If you’re looking to improve the efficiency of your industrial equipment, a variable frequency drive (VFD) could be the solution. But how does a VFD actually work? In this article, we’ll explore the basics of the variable frequency drive working principle. We’ll cover the key components, how they interact with one another, and the benefits of using a VFD in your operations. Whether you’re an engineer or a business owner, understanding the basics of VFDs can help you make informed decisions about your equipment and improve your bottom line.
Motors are being used worldwide on the industrial or domestic level. AC induction motors are used most commonly and extensively due to their large number of applications. But there is a need to eliminate the problem associated with the AC induction motor and to run it in a very efficient way. For that matter, many devices are used but the best among all the devices is the “Variable Frequency Drive”.
The variable-frequency drive (VFD) is a device that converts a fixed AC voltage and frequency into an adjustable AC voltage and frequency. It is used to control the speed of an AC motor. By adjusting the voltage and frequency the AC induction motor can operate at many different speeds.
A VFD is capable of adjusting both the speed and the torque of an induction motor. Variable frequency drive may be referred to by a variety of other names, such as:
- Frequency converter
- AC Drive
- Frequency inverter
- Adjustable frequency drive
Fixed-speed motors serve the majority of applications. In these applications or systems, control elements such as dampers and valves are used to regulate flow and pressure. These devices usually result in inefficient operation and energy loss because of their throttling action.
However, it is often desirable to have a motor operate at two or more discrete speeds or to have a fully variable speed operation. The conventional control elements can often be replaced by incorporating variable speed operation using a VFD.
How Does a Variable Frequency Drive Work?
Understanding the basic principles behind variable frequency drive operation requires understanding the three basic sections of the device: The rectifier, DC bus (DC filter), and inverter.
The voltage on an alternating current (AC) power supply rises and falls in the pattern of a sine wave. When the voltage is positive, the current flows in one direction; when the voltage is negative, the current flows in the opposite direction. This type of power system enables large amounts of energy to be efficiently transmitted over great distances.

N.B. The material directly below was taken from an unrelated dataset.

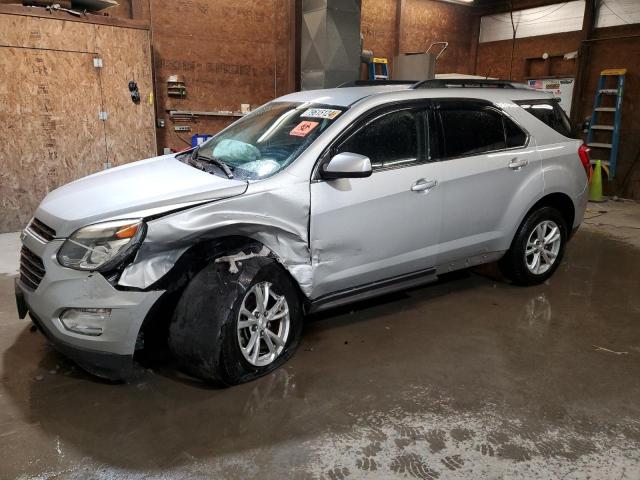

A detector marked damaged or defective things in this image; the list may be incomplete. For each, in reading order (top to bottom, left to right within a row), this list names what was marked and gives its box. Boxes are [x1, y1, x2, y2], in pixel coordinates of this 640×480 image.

broken headlight [57, 219, 146, 272]
crumpled hood [34, 154, 250, 236]
damaged chevrolet equinox [15, 80, 592, 384]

The rectifier in a VFD is used to convert incoming ac power into direct current (DC) power. One rectifier will allow power to pass through only when the voltage is positive. A second rectifier will allow power to pass through only when the voltage is negative. Two rectifiers are required for each phase of power.

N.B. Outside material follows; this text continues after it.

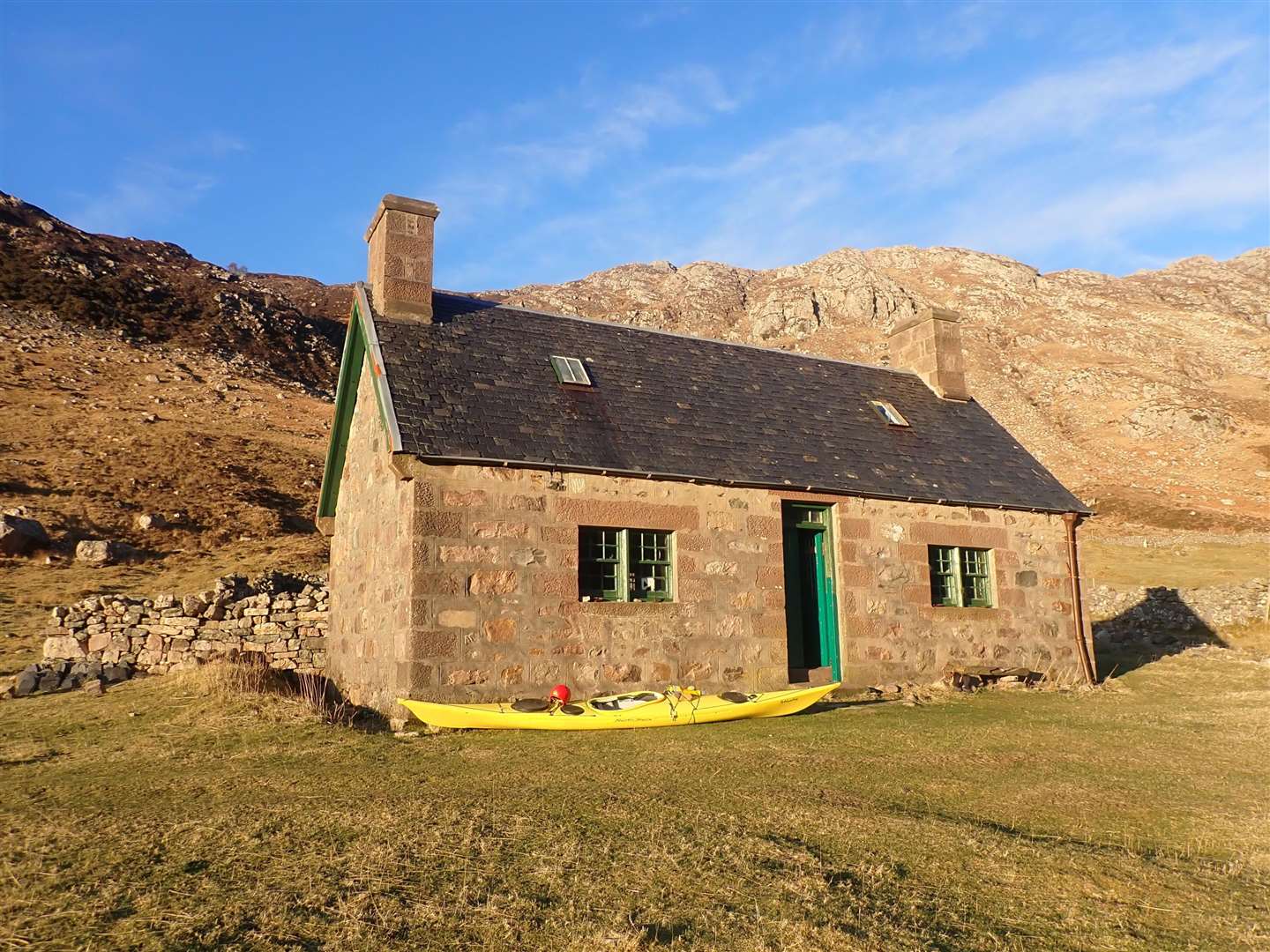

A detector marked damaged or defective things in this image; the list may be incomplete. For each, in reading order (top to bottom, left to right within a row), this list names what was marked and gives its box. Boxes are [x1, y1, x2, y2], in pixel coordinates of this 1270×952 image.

rusty drainpipe [1066, 515, 1097, 685]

Since most large power supplies are three-phase, there will be a minimum of 6 rectifiers used. Appropriately, the term “6 pulse” is used to describe a drive with 6 rectifiers. A VFD may have multiple rectifier sections, with 6 rectifiers per section, enabling a VFD to be “12 pulse,” “18 pulse,” or “24 pulse.”
After the power flows through the rectifiers it is stored on a dc bus (dc link or dc filter). The dc bus contains capacitors to accept power from the rectifier, store it, and later deliver that power through the inverter section. The dc bus may also contain inductors, dc links, chokes, or similar items that add inductance, thereby smoothing the incoming power supply to the dc bus.
The final section of the VFD is referred to as an “inverter.” The inverter contains transistors that deliver power to the motor. The “Insulated Gate Bipolar Transistor” (IGBT) is a common choice in modern VFDs. The IGBT can switch on and off several thousand times per second and precisely control the power delivered to the motor. The IGBT uses a method named “pulse width modulation” (PWM) to simulate a current sine wave at the desired frequency to the motor.
Motor speed (rpm) is dependent upon frequency. Varying the frequency output of the VFD controls motor speed:
Speed (rpm) = frequency (hertz) x 120 / no. of poles
Variable frequency drive can help to:
- Control the speed of the motor.
- Limit demand and electrical consumption of motors by reducing the amount of energy they consume.
- Decrease mechanical stress due to pressure spikes with direct online start & stop.
- Reduce the starting current of the motor.
- Protect the motor with its internal protection functions.